**Task item:** Return only what runs from the line containing "Curio Cabinet Cover" through the last line of the entries below, exactly, omitting pictures.

━━ Provided information

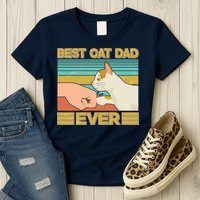 Retro Best Cat Dad Ever Womens T-Shirt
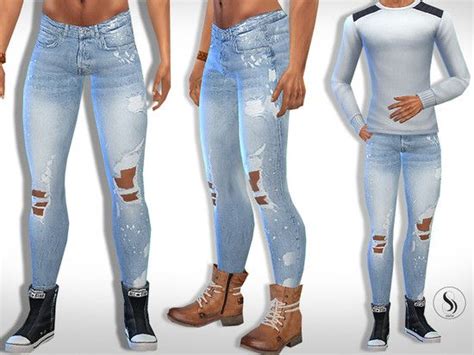 Men Splashed Effect Fit Jeans Design By Saliwa Found In Tsr Category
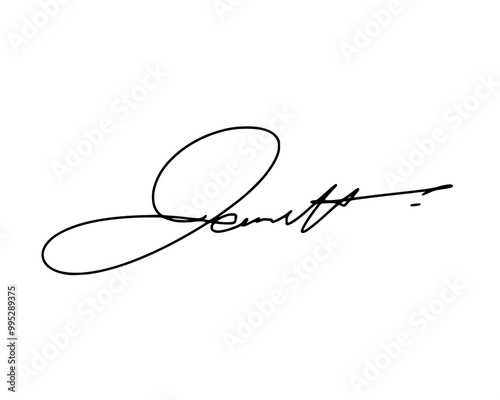 Signature ideas with handwritten letter J. Vector with transparent background or alpha channel.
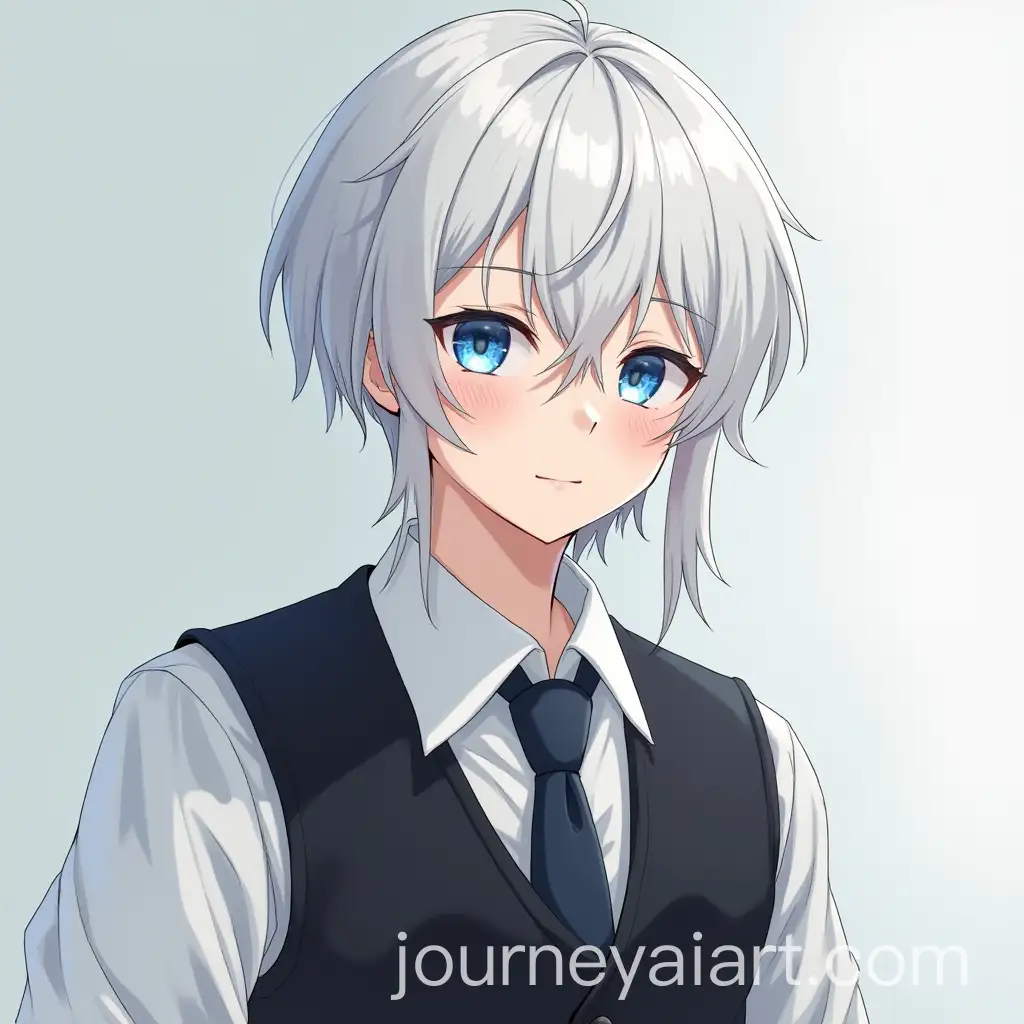 Boy-with-White-Hair-and-SkyBlue-Eyes-Wearing-Black-Waistcoat
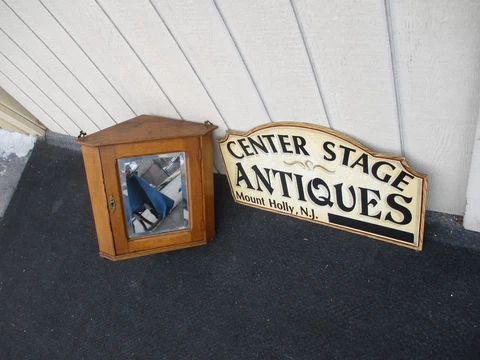 64183   Antique Victorian Oak Corner Curio Cabinet Cover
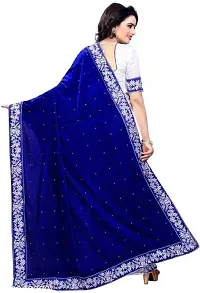 Elegant Blue Velvet Women Saree with Blouse piece-thumb2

━━━━

**Result below:**
 64183   Antique Victorian Oak Corner Curio Cabinet Cover
 Elegant Blue Velvet Women Saree with Blouse piece-thumb2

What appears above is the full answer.